On a newly created vSAN cluster with deduplication and compression enabled or on a cluster with low capacity utilization, File system Overhead (fsOverhead) shows up as a majority contribution in the Used capacity breakdown.
This is because the fsOverhead is determined to be a logically fixed constant factor (around 1%) of the maximum cluster capacity which is allocated upfront.
In non-dedup enabled environment, maximum cluster capacity is total physical disk capacity.
In dedup enabled environment, due to the deduplication and compression introduced, we regard maximum cluster capacity to be 10 times of total physical disk capacity which resulting in File System Overhead to be 10% of total physical disk capacity.
Please note that in dedup enabled environment:
fsOverhead of around 10% of physical disk capacity is an estimated size.

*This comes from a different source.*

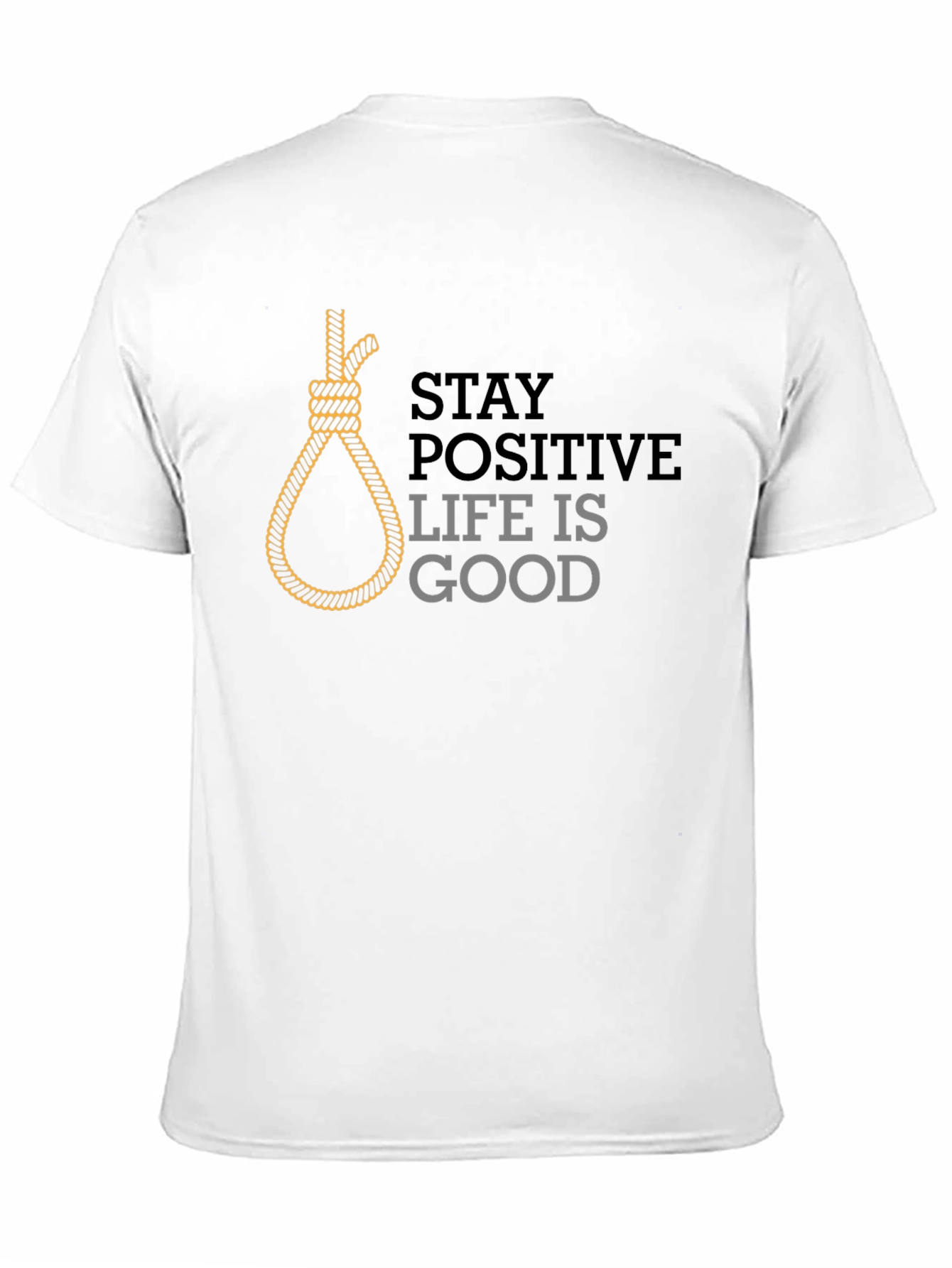 Stay Positive Black Graphic Tee
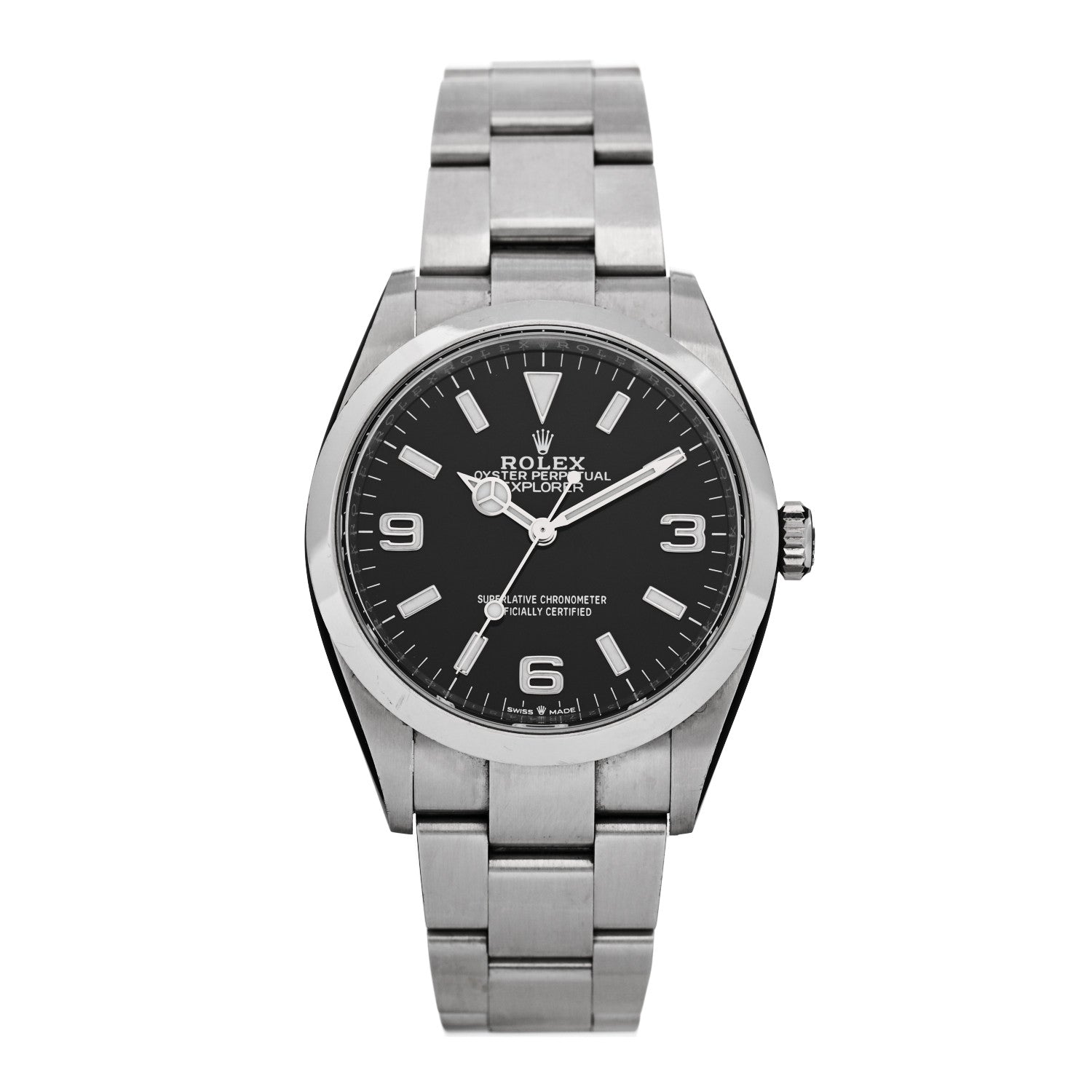 Stainless Steel 36mm Oyster Perpetual Explorer Watch Black 124270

It can be regarded as reserved size since in most cases, the fsOverhead size is not full of used data
It is a space reservation before deduplication and compression, so the actual written size on a physical disk will be less than 1% of total physical disk capacity in most cases.
This will dominate the usage of the cluster under such circumstances. When the disk groups start filling up the utilization graph will start to level out and reflect the percentages more accurately.
Resolution
This issue is resolved in vSAN 7.0 Update 1, available at VMware Downloads.